### WORK TO COMPLETE
Write out the listing verbatim. No pictures belong in it.
==== TASK DATA ====
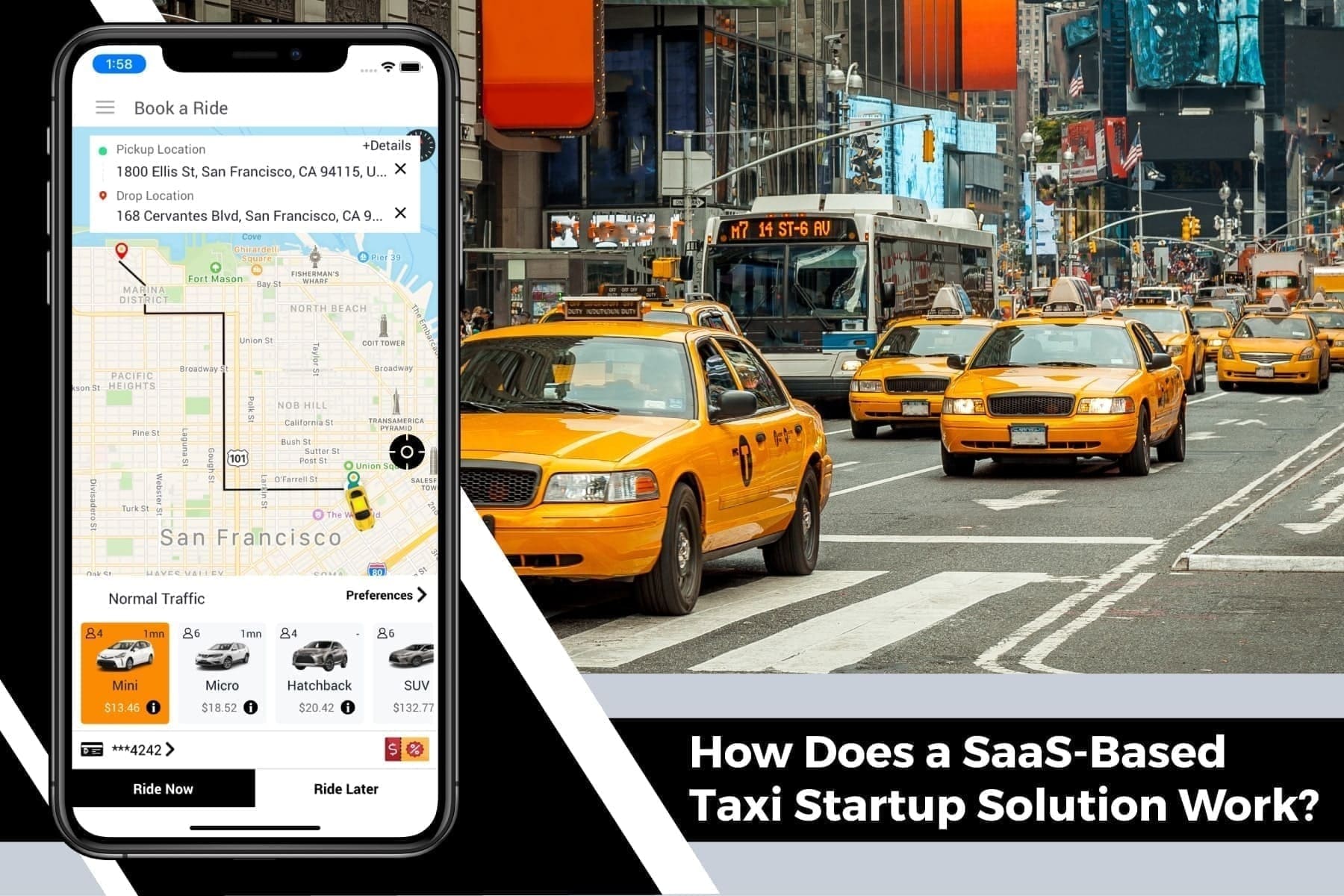 SaaS-Based Taxi Booking App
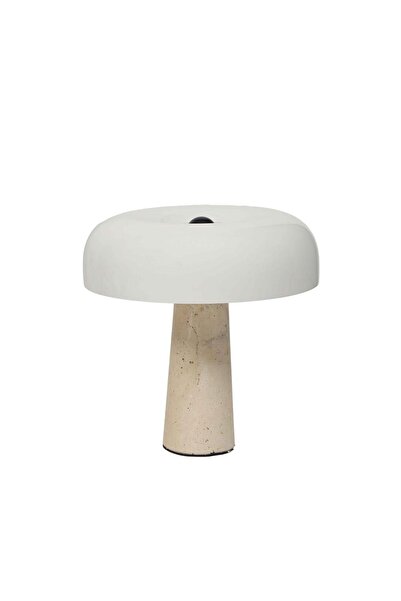 Vitale Light Beyaz Mantar Gece Lambası 32*32 cm AY.VTL-0150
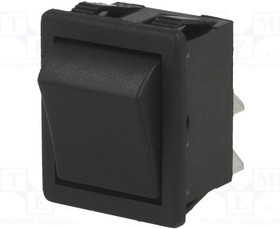 AE-C1550ATAAD, ROCKER; DPST; Pos: 2; ON-OFF; 16A/250VAC; black; none; Body: black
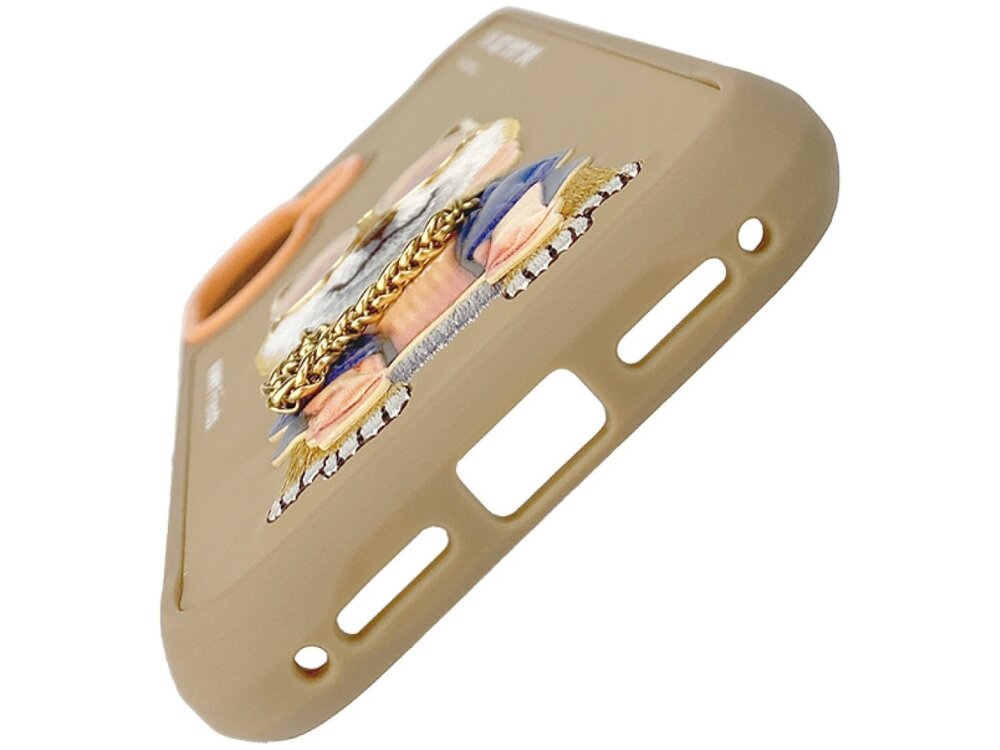 Etui NIMMY Glasses Cool Dog
                etui na białym tle haftowany piesek trójwymiarowe detale trwałe tpu pc chroni telefon odporna na zabrudzenia estetyczny wygląd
====
### OUTPUT FOR THIS TASK
 SaaS-Based Taxi Booking App
 Vitale Light Beyaz Mantar Gece Lambası 32*32 cm AY.VTL-0150
 AE-C1550ATAAD, ROCKER; DPST; Pos: 2; ON-OFF; 16A/250VAC; black; none; Body: black
 Etui NIMMY Glasses Cool Dog
                etui na białym tle haftowany piesek trójwymiarowe detale trwałe tpu pc chroni telefon odporna na zabrudzenia estetyczny wygląd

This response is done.